Both Patrick and Brutkiewicz say it took about a year to be able to tell the bones apart. “The more you learn, the more fun it becomes because you’re not overwhelmed when you look in the box,” Brutkiewicz says. “You know what 90 percent of the things are.”
“A lot of it is pattern recognition,” Patrick says.
That said, there are always mysteries. Always new finds too. One day in May, Brutkiewicz found a molar from a marten, a weasel-like mammal that now are found in the far-northern United States, Canada and Alaska.
“I knew it was a carnivore of some kind and I knew roughly the size of the animal,” she said. “We have a huge reference collection of every Indiana animal that there is, so I compared it and matched it up.”
“I look at it like every box is a puzzle,” Brutkiewicz says. “There are going to be some obvious ones and then there are going to be some tough ones.”
Whatever the situation, both say they enjoy working in the lab and learning more about how Indiana has evolved over the ages.

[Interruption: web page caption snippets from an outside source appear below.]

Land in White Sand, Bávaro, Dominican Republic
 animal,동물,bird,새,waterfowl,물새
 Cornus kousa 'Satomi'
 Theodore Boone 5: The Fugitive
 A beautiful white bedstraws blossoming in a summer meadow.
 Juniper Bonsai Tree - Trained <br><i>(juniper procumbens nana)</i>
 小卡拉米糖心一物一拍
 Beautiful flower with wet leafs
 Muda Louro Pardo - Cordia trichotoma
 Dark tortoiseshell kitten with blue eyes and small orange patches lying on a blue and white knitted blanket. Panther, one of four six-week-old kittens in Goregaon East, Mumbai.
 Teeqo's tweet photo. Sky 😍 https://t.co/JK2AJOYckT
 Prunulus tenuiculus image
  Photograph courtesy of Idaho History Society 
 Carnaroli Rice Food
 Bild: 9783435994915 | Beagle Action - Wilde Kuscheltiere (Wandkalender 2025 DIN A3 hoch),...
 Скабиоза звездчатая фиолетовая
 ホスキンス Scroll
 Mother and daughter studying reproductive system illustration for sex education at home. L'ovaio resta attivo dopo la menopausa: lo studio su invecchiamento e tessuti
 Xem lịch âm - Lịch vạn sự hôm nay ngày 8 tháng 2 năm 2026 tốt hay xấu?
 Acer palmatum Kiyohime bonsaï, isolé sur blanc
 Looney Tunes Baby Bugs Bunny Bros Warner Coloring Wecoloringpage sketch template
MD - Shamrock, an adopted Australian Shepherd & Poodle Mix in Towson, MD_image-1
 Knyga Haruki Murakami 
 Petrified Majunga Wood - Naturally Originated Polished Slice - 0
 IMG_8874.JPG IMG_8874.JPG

“I think this is a beautiful lab,” Patrick says. “I love this room and being able to sit and look out over the canal.”
“And look at our surroundings,” Brutkiewicz says. “We have this petrified chunk of wood here with a geode inclusion. We have this Bryozoa fossil. There’s always this neat stuff that’s interesting to learn about that we never would have seen or known about otherwise. It’s always fun.”